SG: What was your experience of the day the fire bombs came?

MK: Yes.

SG: What happened that day?

MK: Well, I think it was early in the morning, I was sound asleep, my mother woke me up and then said, "Michiko, get up." Then when I woke up, it was, everything was red, and I've never, it was a beautiful red, orange-ish red. Then I heard airplanes. Then I heard the fire bombs dropping all over the place, and I didn't know what to do. And my mother said that the two younger ones, three and one, were too small to run, but then, "You are eight years old now, and then your brother is seven, the other is four, they can run, so you're going to take them with you and then get out of the place and get out of the city and then to a safety and make sure that they would not die." That's what my mother said. And then that was the best thing she told me because I was so frightened, was about to become hysterical when my mother said that. Suddenly the fact that she had confidence in me, to trust my ability to keep my brothers alive, the fear was gone. And then she said, "Okay." And then I was just about to get out of the house and my mother said, "Make sure you don't jump into the middle of the street.
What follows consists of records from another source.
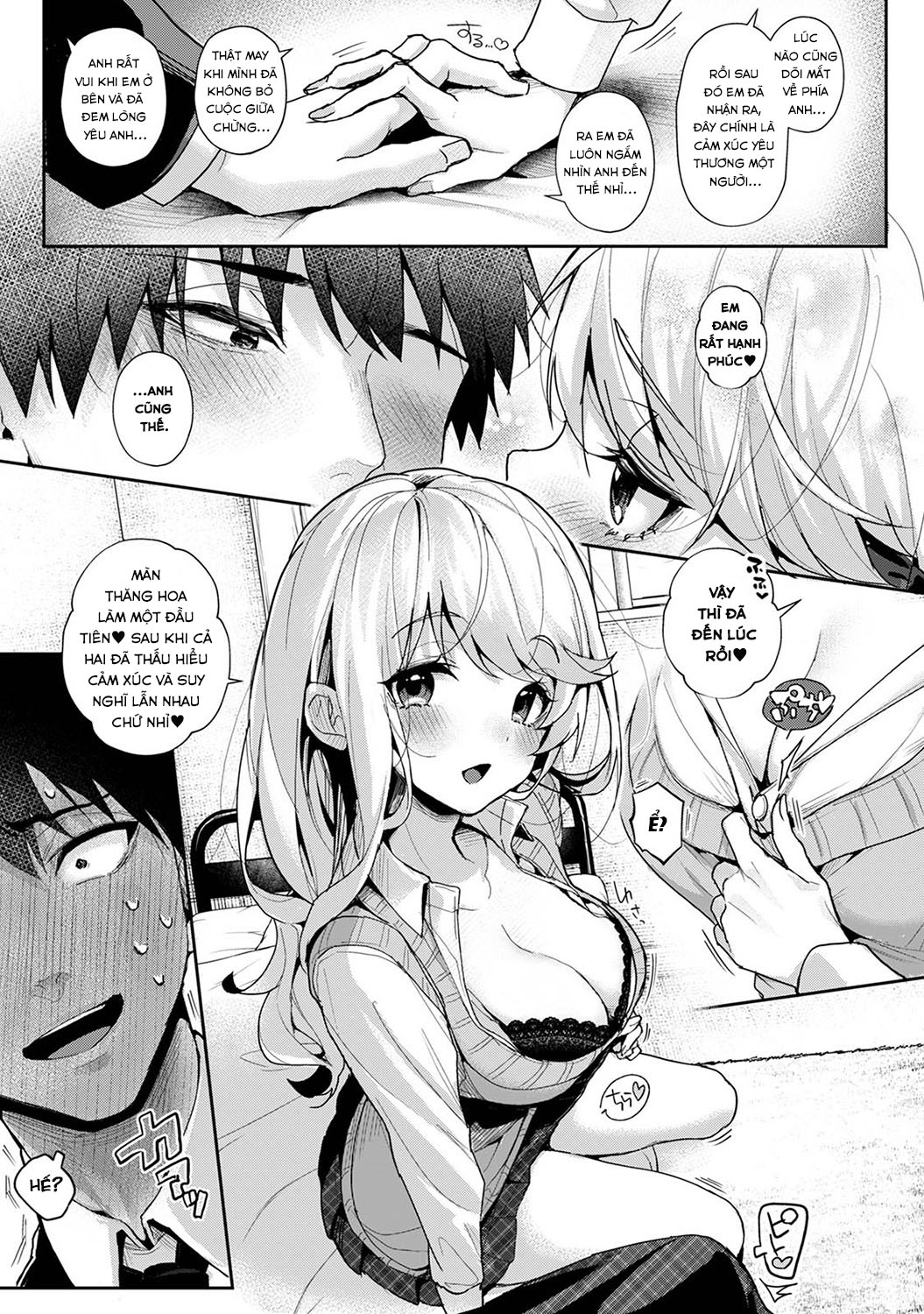 HentaiVN.net - Ảnh 18 - Tôi phũ lời em, em ẵm trọn đời tôi [俺だけに小悪魔な同級生～フったら押し倒されました!～ - 『Ore Da Ke Ni Koakuma Na Doukyuusei Fu Tta Ra Oshitao Sa Rema Shi Ta ~』] - Chap 7: Hồi kết cho thảm đường ngọt ngào + đôi dòng suy nghĩ
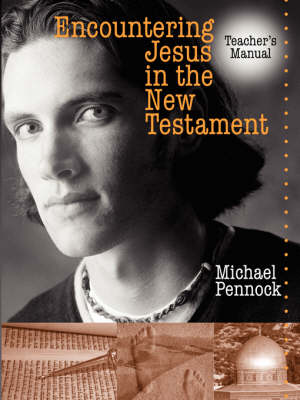 Book cover for Encountering Jesus in the New Testament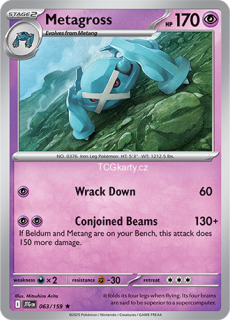 Metagross - Holo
You'll be trampled to death, so you walk like a crab. And the moment you go outside, make sure you look up into the sky and make sure that wherever you are running to has dark sky so that underneath wouldn't be burning." And I'm very grateful to my mother because the moment I went outside of the house, she was right. The people are running this way and that way. I could have, we could have been trampled to death because we are still children. And I followed my mother's order, and then eventually I was able to escape to the outside of the city. Because my mother is a survivor of the great earthquake of Tokyo in 1923. She knew what happened then and what had to be done to survive, and she was able to use that to us, and then I'm very grateful to that.

SG: So this is, your father had died already when the fire bombs had occurred?

MK: Yes. Yeah, missing in action at the time we are told. We had some hope that maybe he's alive. We don't know.